ЦТ: Нет, ее мне предложили организаторы фестиваля Opera Rara и Capella Cracoviensis. Я очень хочу, чтобы это записали, существует мало записей «Гальки». Есть, например, версия оркестра Большого театра под управлением Роберта Сатановского с Барбарой Загожанкой, которая подражает Марии Фолтын. У меня дома тысячи оперных записей, я бы хотел иметь такую «Гальку», от которой меня не тошнит.
Есть одна очень редкая запись виленской версии «Гальки». Ее записала (и до сих пор исполняет) Камерная опера (Opera Kameralna). Это такая суперстатичная постановка, все стоят без движения в тесном оперном зале, переодетые в костюмы.
Вернемся к «Домашнему песеннику». Прости, что я все время об этом говорю, но когда мне было одиннадцать лет, я на нем зациклился. Сейчас я хотел вспомнить то чувство. Ищу записи — но ничего интересного не нахожу! Кроме версии Марека Грехуты, он исполнил три песни. Там есть все, что я вижу в песнях Монюшко: лиризм, чувство юмора, ирония.

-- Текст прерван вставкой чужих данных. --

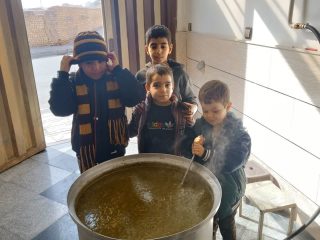 چهارده دیگ آش در چهارده کوچه ساوه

ФЛ: Ты лишил Монюшко двух основных черт, с которыми прочно связан его образ в нашей культуре, — народности и патриотизма. Кто для тебя Станислав Монюшко?
ЦТ: Прежде всего хороший композитор. Для меня это музыка, не история. История отвечает сама за себя. Я хотел показать, как наша реальность строится из разных, отнюдь не черно-белых пазлов. Нельзя взять и перенести классовый конфликт XIX века в современный мир.
Описанный Вольским резкий переход от линчевания в костел просто поразителен. Ведь это одни и те же люди. Он показывает их набожность и вампирическую жажду мести. Мести за то, что им испортили счастливую оперу. «Галька» начинается как опереточная, водевильная, и вдруг приходит девушка, которая им все это портит. В театрально-оперном контексте это месть стариков молодому духу. У меня впечатление, что это страшно универсально, на всех уровнях.